Judge Gorenstein agreed. “It is appropriate to order the manufacturer here to attempt to unlock the cellphone so that the warrant may be executed as originally contemplated,” he wrote on Oct. 31. The judge gave the manufacturer, referred to only as “[XXX], Inc.,” five business days after receiving the order to protest.
Much remains unknown, including the maker of the phone, and what happened next. The language of the opinion suggests it could apply to a company like Apple. The order is directed at the “manufacturer of the cellphone,” and Apple is one of the few companies that produce both the phone itself and the software that would manage the encryption.
The order (full embed at bottom of post) was signed and published by a federal magistrate; this is significant because, as the article above explains, these types of decisions don’t normally come down in a published opinion. (Magistrates usually just sign an order granting or denying a request.)
The fact that this decision is now published is a signal to other judges who may examine it that we could be looking at the development of a new legal precedent to answer evolving technology.

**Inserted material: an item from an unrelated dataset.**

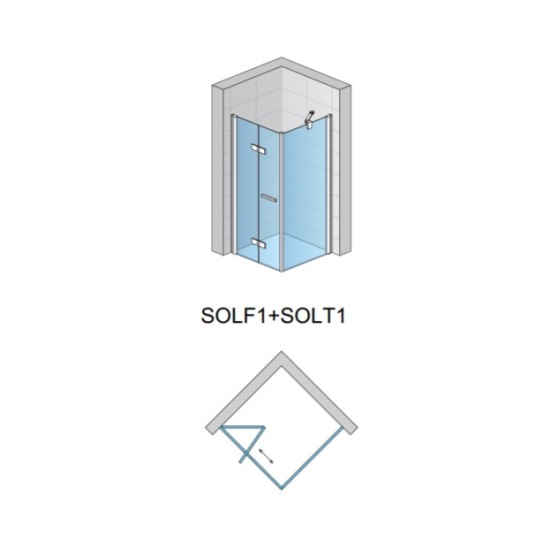 Cabina de dus dreptunghiulara SOLINO 100 x 80 cm SOLF1+SOLT1 cu usa pliabila si perete lateral fix SANSWISS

Jonathan Mayer of the Stanford Law School has a fantastic overview of what an All Writs order is, and the different ways they have been used to aid in surveillance (h/t Ars Technica):
“The TL;DR is that there is nothing new about using the All Writs Act to compel assistance,” Mayer told Ars by e-mail. “And there is also nothing new about using it to compel assistance with unlocking a phone. That repeated language you saw? It’s provided by Apple itself!”
“As for the opinion discounting the All Writs Act, that had to do with surveillance under the Electronic Communications Privacy Act. Where ECPA applies, the All Writs Act doesn’t. (It’s just a default, as the court rightly noted.) Phone unlocking isn’t covered by ECPA, so the All Writs Act remains in play.”
It may not be novel, but if you’re Apple, you have to be wondering how far the government is going to go to maintain their ability to execute hassle-free searches though our data. The majority of these proceedings are sealed, which means that there’s little transparency surrounding this latest development in data privacy.